Executives say the discounter had a strong back-to-school season and is gaining market share globally. They also are optimistic about holiday sales, citing hefty orders for key items such as tablet computers. A launch of holiday layaway sales a month earlier than last year has helped raise expectations. The chain already has $400 million worth of merchandise on layaway, half of last year’s total, with the season barely begun.

The company forecasts that total sales will rise by 5% to 7% in fiscal 2014, which starts in February.

The chain plans to add about the same square footage next year as it did in the current fiscal year but at a lower cost. The goal is to add 36 million to 40 million square feet of space overall for fiscal 2014,. But capital spending will drop around 4.2%, to $12 billion to $13 billion.

Walmart also for the first time has issued an e-commerce projection, announcing a forecast of $9 billion in online sales by fiscal 2014.

Domestically, the company has turned around its performance by changing its mix and maintaining low prices storewide, thanks to reduced costs. The upshot has been gains in same-store sales since late last year.

Executives said they will continue to cut expenses so they can lower prices.
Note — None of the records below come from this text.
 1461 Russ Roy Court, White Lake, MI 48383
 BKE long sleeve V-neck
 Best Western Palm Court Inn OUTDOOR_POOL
Price cuts worth $6 billion are expected over the next several years in the U.S. business.

“Walmart is strong, and we are getting stronger,” said president and chief executive officer Mike Duke. “We have momentum in our business that’s producing top-line and bottom-line results. We’re delivering on the productivity loop and being even more disciplined about operating expenses and capital spending. We’re making investments that are creating a better business. I believe that the combination of momentum, investment and discipline will continue to deliver growth, leverage and returns for our shareholders.”

He said the Walmart U.S. business is “in a very good place” and making progress on a number of fronts that are driving strong comp sales. He added that he was impressed by both the plan and the energy he’s seeing throughout the organization “to give America the absolute best possible ­Christmas.”

Duke also sees momentum in the “leadership Walmart is providing on issues like sustainability, economic empowerment of women, nutrition and hunger, and agriculture.”

Saying that he was personally committed to discipline in how Walmart spends money, Duke praised the company’s 11 quarters of leveraging expenses and credited the productivity loop with “savings, lower prices and more sales across our ­business.”

“Now you’re going to see us bring the same increased discipline to our capital expenditures that we have been bringing to operating expenses,” he added.